[Stored data]

------------

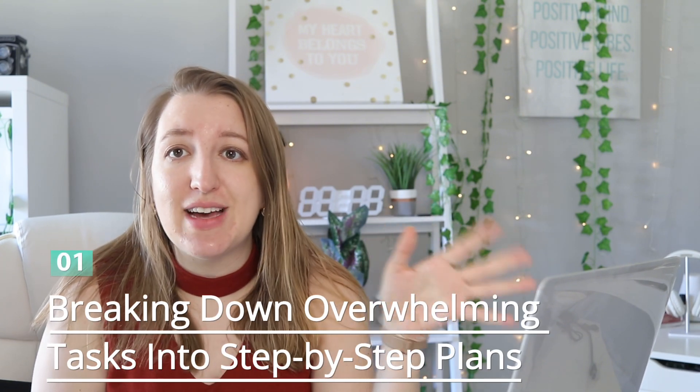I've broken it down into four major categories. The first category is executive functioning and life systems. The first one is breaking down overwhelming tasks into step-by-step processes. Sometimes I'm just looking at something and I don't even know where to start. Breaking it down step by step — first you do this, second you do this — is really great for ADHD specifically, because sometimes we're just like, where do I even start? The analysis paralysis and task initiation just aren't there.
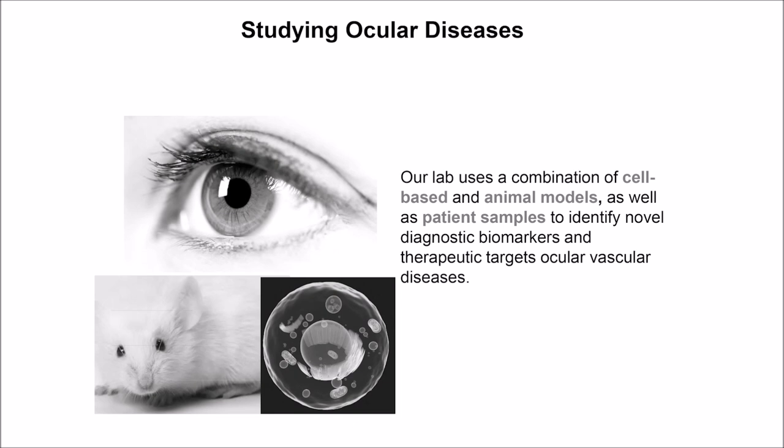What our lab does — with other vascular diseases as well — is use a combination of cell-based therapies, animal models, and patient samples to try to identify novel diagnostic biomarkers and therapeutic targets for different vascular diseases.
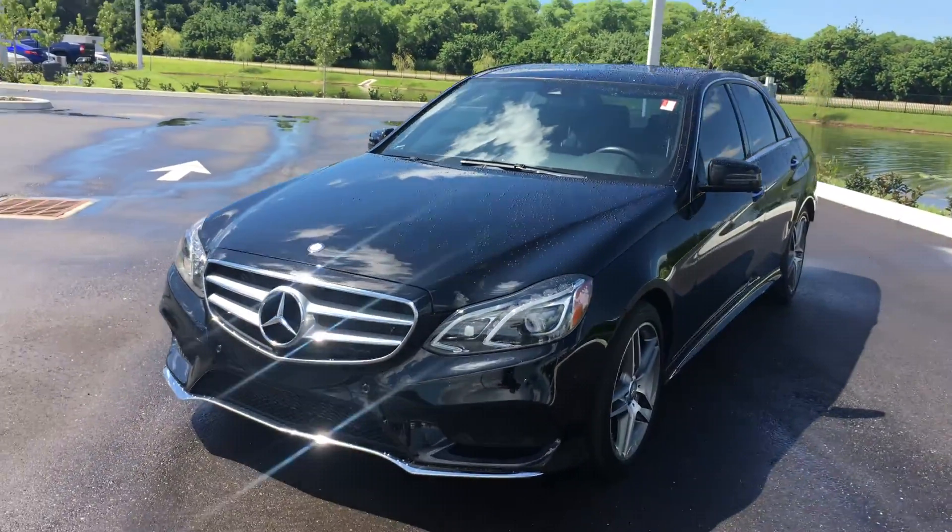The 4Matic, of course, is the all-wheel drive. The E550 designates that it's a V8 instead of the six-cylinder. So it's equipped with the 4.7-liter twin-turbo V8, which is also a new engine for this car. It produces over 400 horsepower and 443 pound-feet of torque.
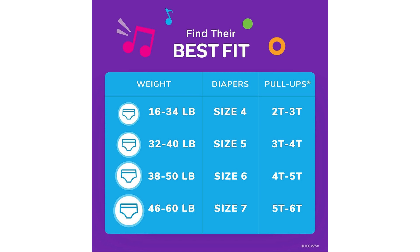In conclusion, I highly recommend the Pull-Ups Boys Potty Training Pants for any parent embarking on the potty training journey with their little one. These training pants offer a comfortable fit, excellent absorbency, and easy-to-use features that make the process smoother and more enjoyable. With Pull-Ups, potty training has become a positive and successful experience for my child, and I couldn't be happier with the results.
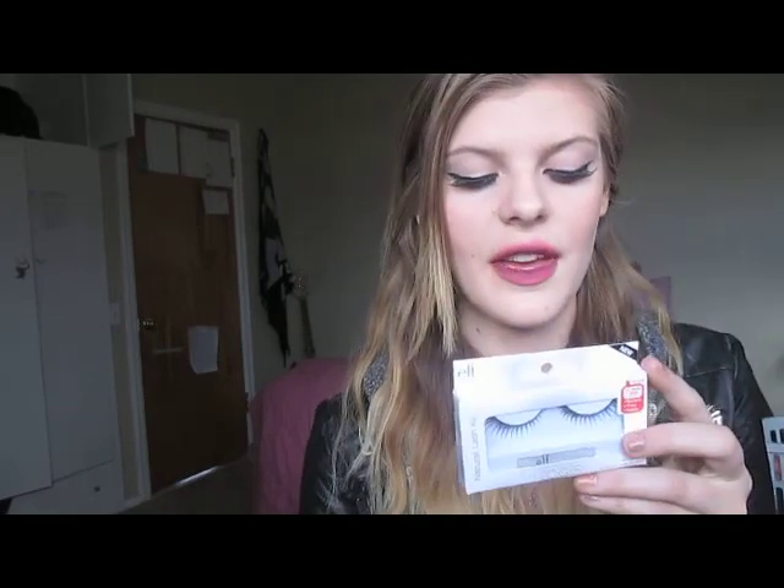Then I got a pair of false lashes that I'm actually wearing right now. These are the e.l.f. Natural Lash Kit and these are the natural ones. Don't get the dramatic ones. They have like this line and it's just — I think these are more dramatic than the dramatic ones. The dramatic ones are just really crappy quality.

------------

* TASK PROMPT
Print the data word for word and omit the pictures.

* TASK SOLUTION
I've broken it down into four major categories. The first category is executive functioning and life systems. The first one is breaking down overwhelming tasks into step-by-step processes. Sometimes I'm just looking at something and I don't even know where to start. Breaking it down step by step — first you do this, second you do this — is really great for ADHD specifically, because sometimes we're just like, where do I even start? The analysis paralysis and task initiation just aren't there.
What our lab does — with other vascular diseases as well — is use a combination of cell-based therapies, animal models, and patient samples to try to identify novel diagnostic biomarkers and therapeutic targets for different vascular diseases.
The 4Matic, of course, is the all-wheel drive. The E550 designates that it's a V8 instead of the six-cylinder. So it's equipped with the 4.7-liter twin-turbo V8, which is also a new engine for this car. It produces over 400 horsepower and 443 pound-feet of torque.
In conclusion, I highly recommend the Pull-Ups Boys Potty Training Pants for any parent embarking on the potty training journey with their little one. These training pants offer a comfortable fit, excellent absorbency, and easy-to-use features that make the process smoother and more enjoyable. With Pull-Ups, potty training has become a positive and successful experience for my child, and I couldn't be happier with the results.
Then I got a pair of false lashes that I'm actually wearing right now. These are the e.l.f. Natural Lash Kit and these are the natural ones. Don't get the dramatic ones. They have like this line and it's just — I think these are more dramatic than the dramatic ones. The dramatic ones are just really crappy quality.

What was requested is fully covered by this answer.